However... is it me, or isn't the 'almost 2B triples' a very
disappointing number? If you go through all datasets advertised on the
Data Hub, the advertised number of triples is over 40B ! This means
that only one out of 20 triples in the linked 'open' data cloud is
publicly accessible.
Another thing... it seems as if LODStats is merely checking whether a
SPARQL endpoint is 'up' and whether the endpoint actually contains the
data that has been advertised on the Data Hub. For instance, my very
own bubble is listed without problems, but I know for a fact that the
triple store no longer contains the data (sorry!). Do you have any
thoughts/ideas on how to detect such problems?
Cheers,
Rinke
On 2 February 2012 13:18, Sören Auer <au...@informatik.uni-leipzig.de> wrote:
> Am 02.02.2012 12:32, schrieb Richard Cyganiak:
>> Congrats, this is awesome.
>
> Thanks Richard, we are happy you like it ;-)
>
>> So you're automatically harvesting 200+ datasets by starting with the LOD Cloud metadata we're collecting on the Data Hub (ex CKAN), leading to a total of almost 2B triples.
>
> Exactly.
>
>> Also fascinating is the list of 250 datasets that couldn't be automatically harvested due to SPARQL errors or errors in the RDF dumps:
>> http://stats.lod2.eu/rdfdoc/?errors=1
>> This is an excellent interoperability testbed and should be closely studied by anyone who's interested in the state of actual interoperability on the web of linked data (hence a CC to the Pedantic Web Group).
>
> Yes, having an interoperability testbed and a timely view on the current
> state was one of the primary reasons for developing LODStats. Some
> problems might, however, also be related to incorrect CKAN metadata or
> some glitches in LODStats itself - we will try to iron them out as much
> as possible in the next weeks.
>
>> One request: on http://stats.lod2.eu/stats it shows top 5 lists of various sorts (top vocabularies, classes, languages etc). Would it be possible to allow drill-down to see longer lists, let's say top 100 or top 1000? These lists are great, but the really interesting stuff often happens in the midfield.
>
> Indeed, thats a great suggestion and will be implemented soon.
>
>> I see VoID summaries for each individual dataset. Are they aggregated somewhere into a single file that I could SPARQL?
>
> Not yet, but that's planned. For now it should be relatively easy to
> crawl and concat the VoID files, but we will make it more convenient ;-)
>
>> Also, how do I cite your work in publications? Is there a paper (or at least tech report) yet?
>
> We submitted a paper, which you can cite:
>
> Jan Demter, Sören Auer, Michael Martin, Jens Lehmann: LODStats – An
> Extensible Framework for High-performance Dataset Analytics, submitted
> to ESWC2012
>
> http://svn.aksw.org/papers/2011/RDFStats/public.pdf
>
> Best,
>
> Sören
>
It certainly is and this is one of the reasons we developed this tool to
get a better picture of the LOD cloud. Of cause this difference is
partially caused by invalid links in CKAN and some issues we still have
with dealing with very large datasets, but these issues real users might
have as well.
> Another thing... it seems as if LODStats is merely checking whether a
> SPARQL endpoint is 'up' and whether the endpoint actually contains the
> data that has been advertised on the Data Hub. For instance, my very
> own bubble is listed without problems, but I know for a fact that the
> triple store no longer contains the data (sorry!). Do you have any
> thoughts/ideas on how to detect such problems?

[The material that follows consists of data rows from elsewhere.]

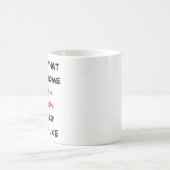デンマークの歴史先生素晴らし, コーヒーマグカップ (中央)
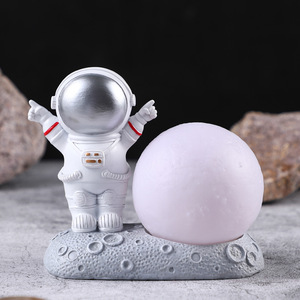 Soporte Creativo y Lindo Portátil para Ver Series y Películas, con Diseños de Anime, Dibujos Animados, Astronautas, Pirámides, Hadas y Búhos Pintados a Mano - Product Image 5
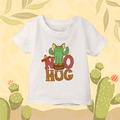 No Hug不要抱抱 T恤-童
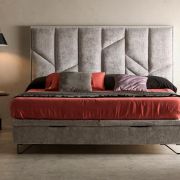 Cabecero tapizado mod. Amoros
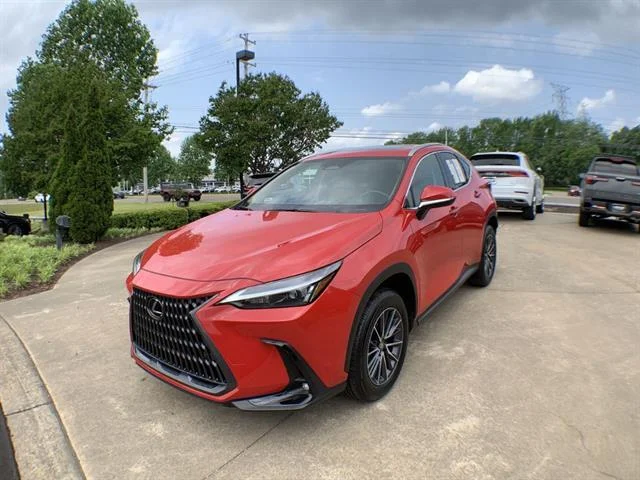 2025 Lexus NX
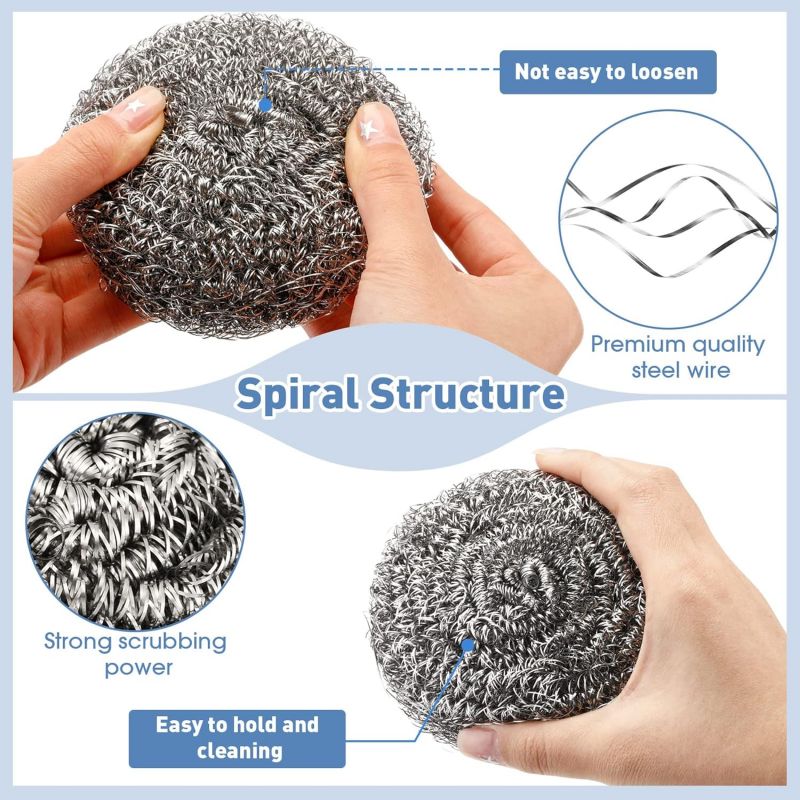 Metal Scourer Coles คืออะไร?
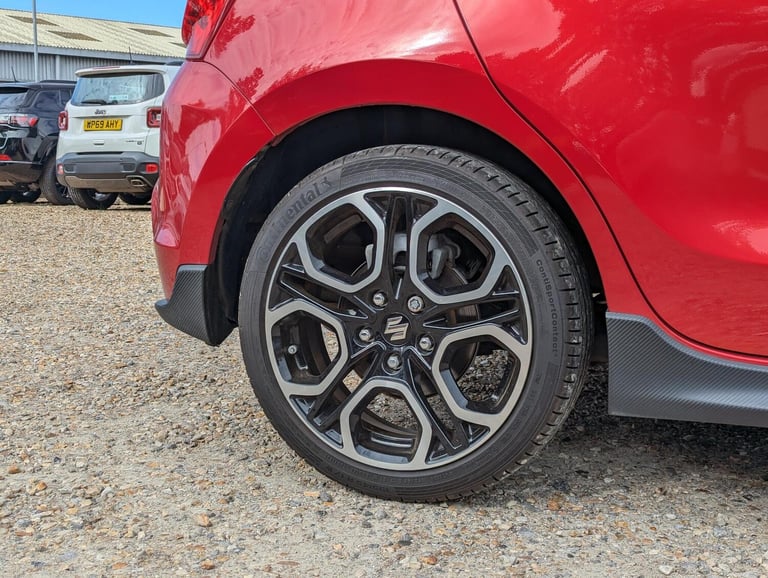 2022 Suzuki Swift 1.4 Boosterjet MHEV Sport Hatchback 5dr Petrol Hybrid Manual Euro 6 (s/s) ( HAT...
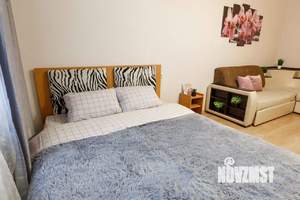 1-к квартира, посуточно, 42м2, 1/1 этаж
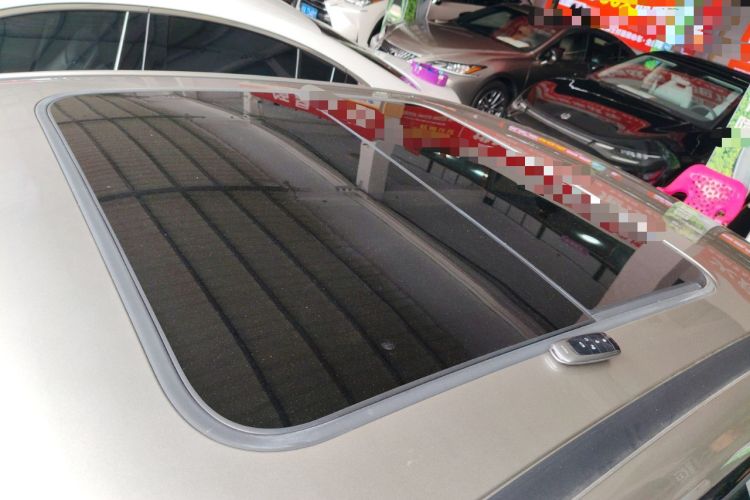 Used AION S MAX 2024 70 Star Edition Roof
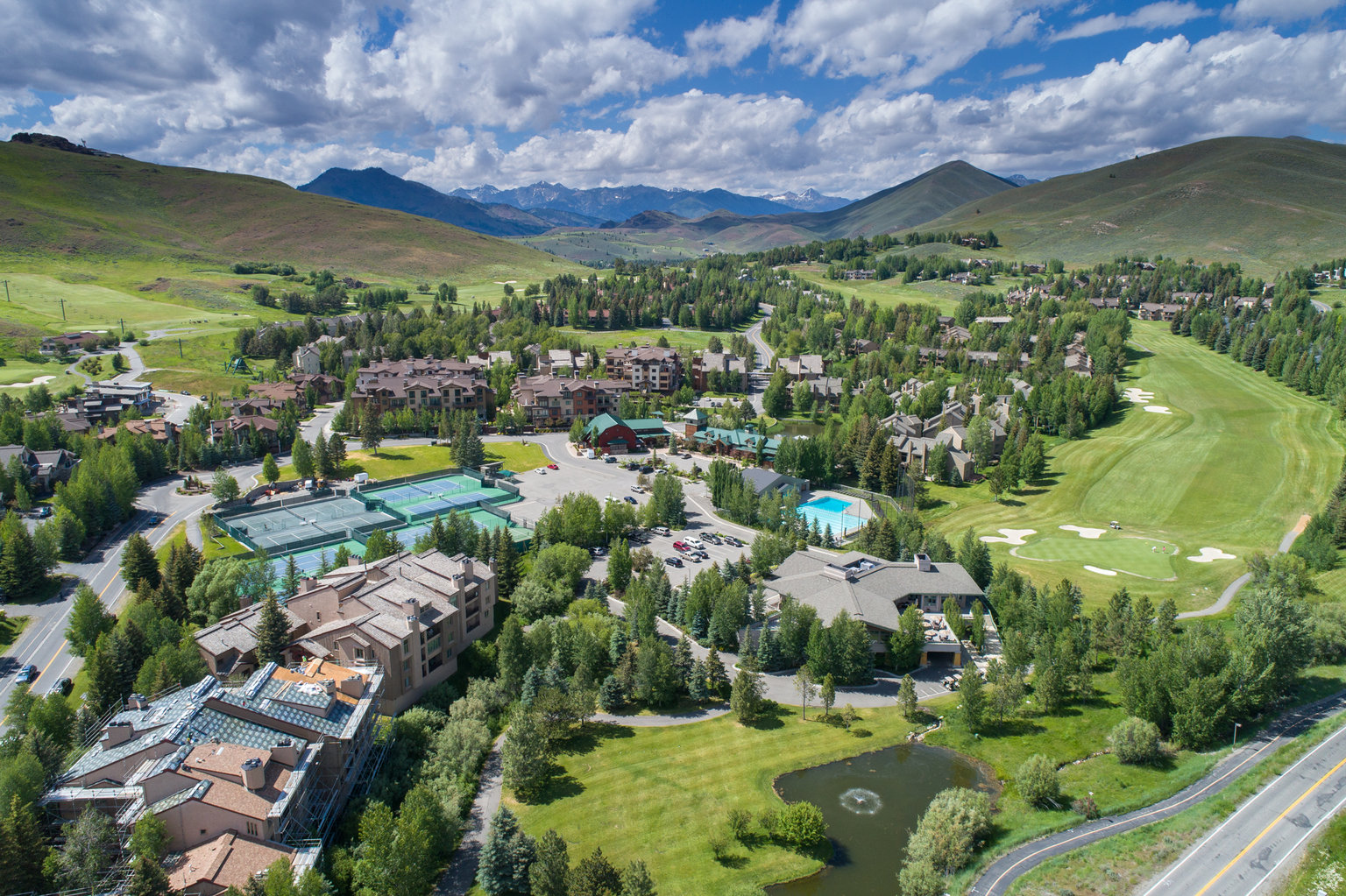 Sun Valley Vacation Rental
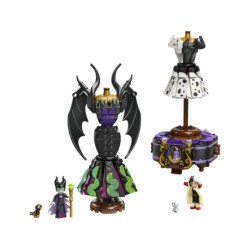 Compra Lego Disney Classic Trajes De Malefica Y Cruella De Vil al mejor precio | Juguetilandia Canarias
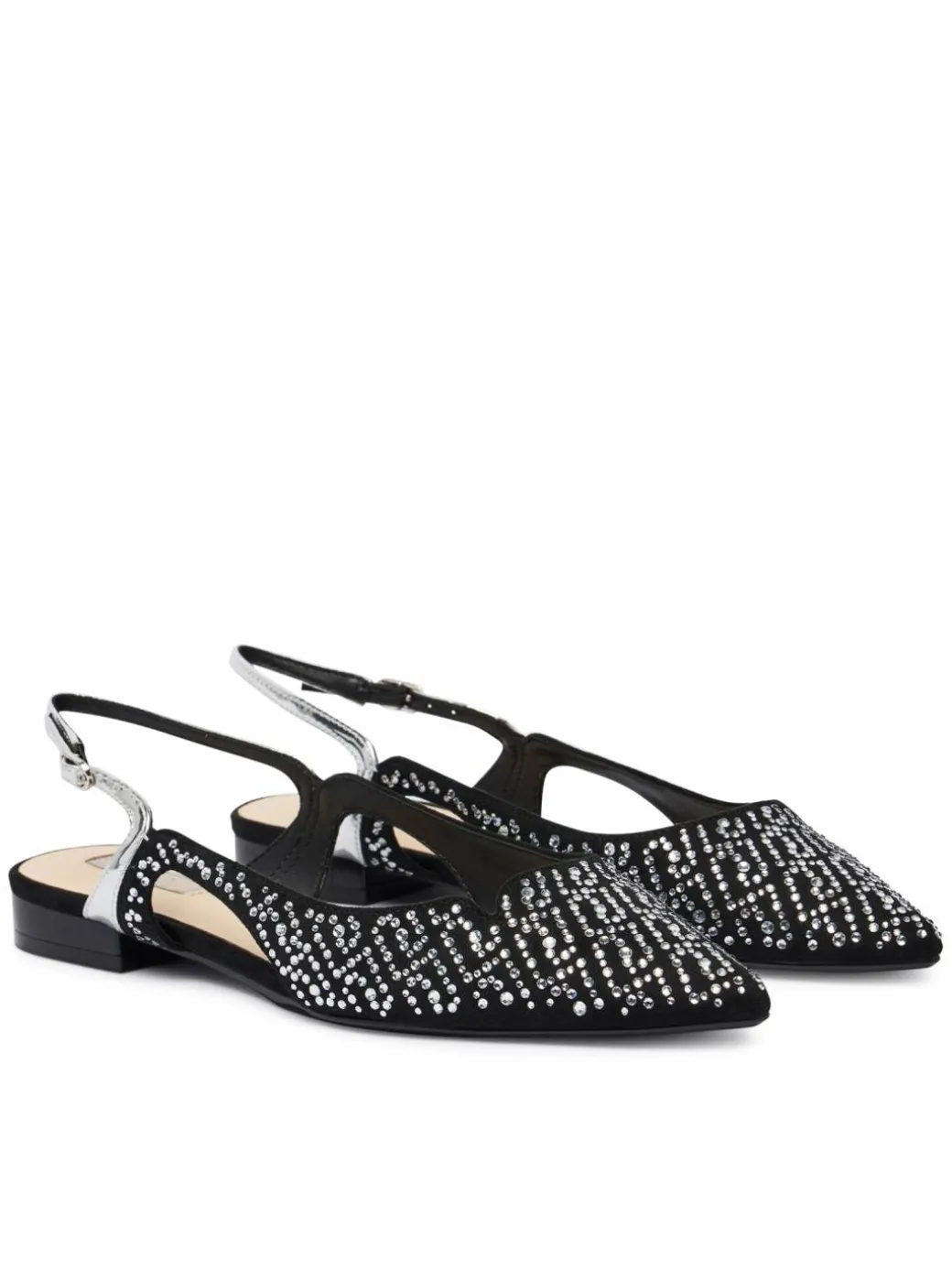 Ballerine Vivien 07 SA6029 TX527 Nero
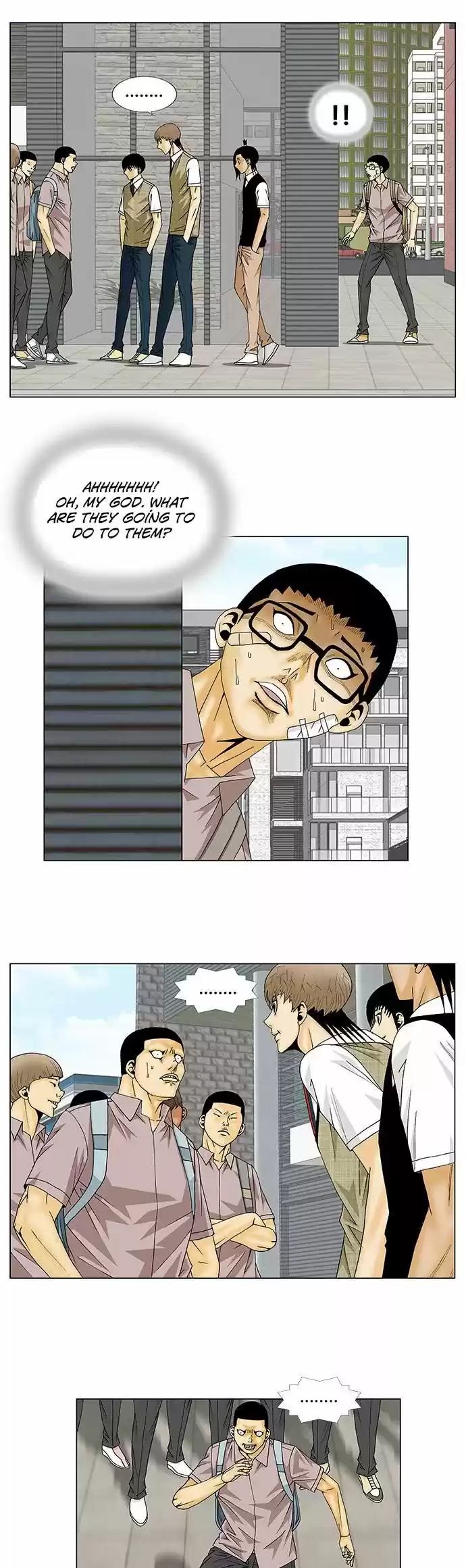 Ultimate Legend – Kang Hae Hyo Chapter 137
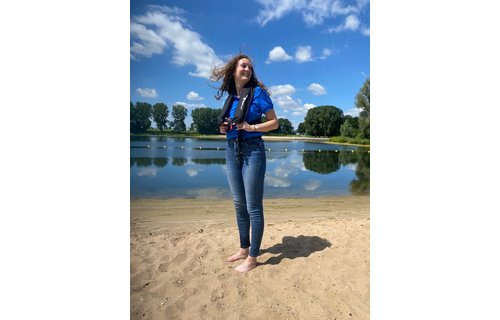 Automatisch reddingsvest | Zwart 150N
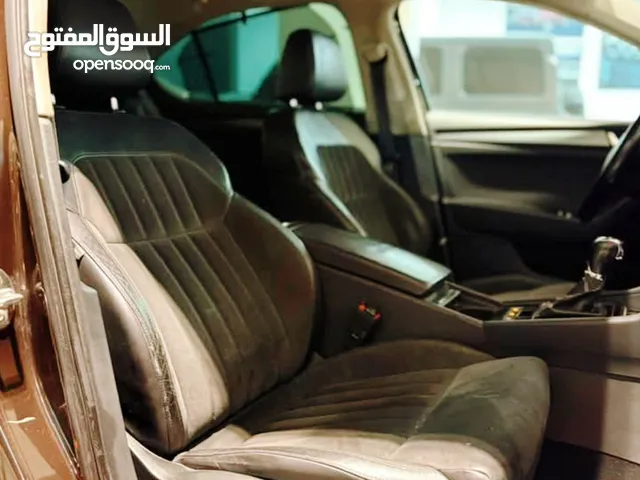 سكودا سوبيرب 2015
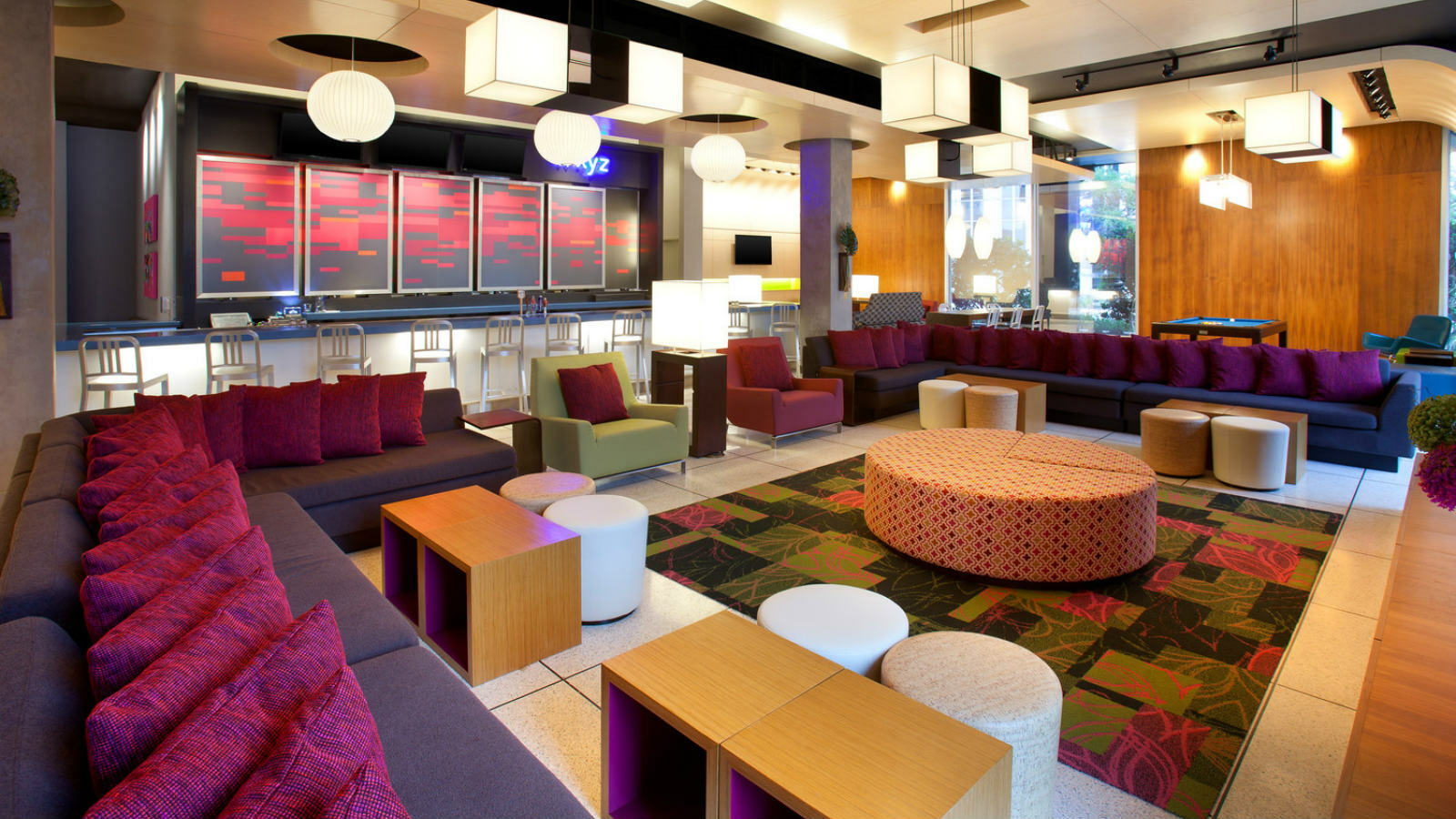 Aloft Orlando Downtown Hotel Екстериор снимка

We currently don't delete our stats when an endpoint is not available
once, but try to check back later. Of course after a certain number of
check backs and timeouts the stats should be invalidated. Can you point
me to your endpoint and we will have a look what's the problem there.
Best,
Sören
> I am starting to use LODStats and I think it is a very useful tool.
> Actually I would be interested on using it over SPARQL endpoints but I
> dont know how to do that. Does anybody knows whether it is possible?
We don't have a SPARQL endpoint available (yet), but
you can obtain a complete dump of all VoID descriptions from
http://stats.lod2.eu/rdfdocs/void
Best,
Sören